L'utilisation des électrochocs au Québec
2003-02-19 |
Un traitement controversé
Le traitement aux électrochocs, aussi appelés électroconvulsothérapie (ECT), vise à provoquer chez le patient une convulsion par l’administration d’un courant électrique au cerveau. Depuis son introduction en psychiatrie en 1938, l’utilisation de l’ECT a suscité la plus vive des controverses, tant sur le plan social que scientifique. Au cours des premières décennies, les électrochocs étaient appliqués sans anesthésie et servaient souvent de moyen de coercition auprès de patients difficiles. L’opinion publique reste d’ailleurs marquée par cette utilisation abusive. Au milieu des années 1960, grâce à l’introduction de médicaments antipsychotiques comme les neuroleptiques, et sous la pression de l’opinion publique, l’utilisation de l’ECT a fortement diminué.
Depuis cette première période, le traitement aux électrochocs a grandement évolué. Il est maintenant administré sous anesthésie, et le patient reçoit un curarisant, c’est-à-dire une substance qui permet de relaxer les muscles et d’éviter ainsi les blessures qui pourraient survenir pendant les convulsions.

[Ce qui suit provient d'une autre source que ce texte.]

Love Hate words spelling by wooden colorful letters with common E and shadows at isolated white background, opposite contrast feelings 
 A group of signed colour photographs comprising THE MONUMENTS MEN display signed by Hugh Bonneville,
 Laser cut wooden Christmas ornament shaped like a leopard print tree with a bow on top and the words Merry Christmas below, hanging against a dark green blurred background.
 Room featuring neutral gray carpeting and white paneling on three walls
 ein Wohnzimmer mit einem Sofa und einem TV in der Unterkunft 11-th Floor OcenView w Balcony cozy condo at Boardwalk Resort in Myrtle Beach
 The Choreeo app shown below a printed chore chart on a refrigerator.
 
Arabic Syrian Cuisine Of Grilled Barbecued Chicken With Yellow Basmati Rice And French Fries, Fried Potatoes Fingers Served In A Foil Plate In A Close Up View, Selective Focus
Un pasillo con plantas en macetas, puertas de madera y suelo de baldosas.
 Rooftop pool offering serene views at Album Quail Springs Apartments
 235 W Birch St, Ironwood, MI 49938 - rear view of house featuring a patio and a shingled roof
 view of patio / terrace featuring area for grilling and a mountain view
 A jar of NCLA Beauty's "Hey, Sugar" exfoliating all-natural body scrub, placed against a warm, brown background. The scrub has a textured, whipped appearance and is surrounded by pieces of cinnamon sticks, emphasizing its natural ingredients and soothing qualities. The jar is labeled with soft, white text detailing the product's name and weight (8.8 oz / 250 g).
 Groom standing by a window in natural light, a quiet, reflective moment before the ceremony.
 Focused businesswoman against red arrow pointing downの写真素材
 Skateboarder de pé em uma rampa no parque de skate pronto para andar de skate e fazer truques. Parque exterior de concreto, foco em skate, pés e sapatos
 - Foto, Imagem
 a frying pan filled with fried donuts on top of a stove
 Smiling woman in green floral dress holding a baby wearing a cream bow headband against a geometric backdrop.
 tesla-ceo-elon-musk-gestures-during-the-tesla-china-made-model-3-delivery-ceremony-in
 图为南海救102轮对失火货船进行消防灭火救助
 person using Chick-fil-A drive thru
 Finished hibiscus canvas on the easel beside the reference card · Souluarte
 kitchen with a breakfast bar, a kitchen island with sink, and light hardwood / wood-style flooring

De même, la technique d’application du courant électrique a été modifiée : alors qu’auparavant, on plaçait les électrodes des deux côtés de la tête (technique bilatérale), on peut également aujourd’hui les disposer au-dessus de l’hémisphère droit du cerveau. Cette technique, dite unilatérale droite, semble réduire les risques d’atteinte à la mémoire des patients. Depuis une quinzaine d’années, on observe une certaine recrudescence de l’utilisation des électrochocs. Au Québec, le nombre de séances d’électrochocs a plus que doublé entre 1988 et 2001, passant de 0,47 à 1 séance par 1 000 de population générale.
Avantages et risques des électrochocs
L’évaluation réalisée par l’AETMIS conclut que les électrochocs ont une efficacité démontrée pour certaines indications. Ainsi, l’ECT constitue un type de traitement accepté en présence de formes graves de dépression, résistantes à la pharmacothérapie et à la psychothérapie. De même, les électrochocs demeurent le traitement de choix pour traiter la catatonie pernicieuse – une forme particulièrement grave d’un syndrome pouvant mener à la mort du patient. Par contre, son utilisation dans les cas de schizophrénie et de manie devrait être très limitée, en fonction du jugement clinique du médecin et des préférences du patient. Enfin, l’ECT devrait être considérée comme une technique expérimentale pour traiter les maladies neurologiques, telle la maladie de Parkinson.
Sur le plan des risques, l’ECT et l’anesthésie qui l’accompagne peuvent provoquer certaines complications cardiovasculaires et des conséquences négatives sur les fonctions cognitives, principalement certaines formes d’amnésie, bien que la plupart de ces effets disparaissent rapidement ou après quelques mois. On soupçonne également la possibilité que le traitement provoque de légers changements au niveau des cellules du cerveau.
Des recherches plus poussées seraient nécessaires afin de quantifier les risques de ces effets indésirables. Il semble toutefois que le niveau de risque et l’efficacité du traitement soient étroitement liés à la technique d’administration de l’ECT et de l’anesthésie. Les technologies qui pourraient éventuellement se substituer aux électrochocs, soit la stimulation magnétique transcrânienne et la stimulation du nerf vague, bien que prometteuses, n’ont pas encore dépassé le stade expérimental.
Pour un meilleur encadrement des électrochocs
Malgré la hausse observée du nombre des séances d’électrochocs au Québec, la fréquence d’utilisation se compare à celle qu’on observe ailleurs au Canada et dans les autres pays industrialisés. Cependant, comme dans d’autres pays, la fréquence du traitement semble varier d’une région à l’autre sur le territoire québécois. Il serait donc important de mieux documenter et de mieux encadrer les pratiques, afin d’assurer la meilleure qualité de soins possible pour les patients pouvant bénéficier des traitements aux électrochocs. C’est d’ailleurs pourquoi l’AETMIS présente plusieurs recommandations qui invitent les instances gouvernementales, les professionnels de la santé, les centres hospitaliers et les ressources communautaires à prendre les mesures appropriées. L’Agence recommande ainsi de favoriser la recherche pour accroître les connaissances sur l’efficacité et les risques des électrochocs et de mettre en place des mesures de contrôle de la qualité, incluant des registres d’utilisation dans les hôpitaux. Il est également recommandé de déployer les efforts nécessaires pour informer les patients et le public, et de s’assurer en particulier que le patient et ses proches soient le mieux informés possible lors du consentement au traitement. Enfin, l’AETMIS propose de doter les groupes communautaires en santé mentale des moyens d’accompagner les patients et leurs proches dans le processus de traitement.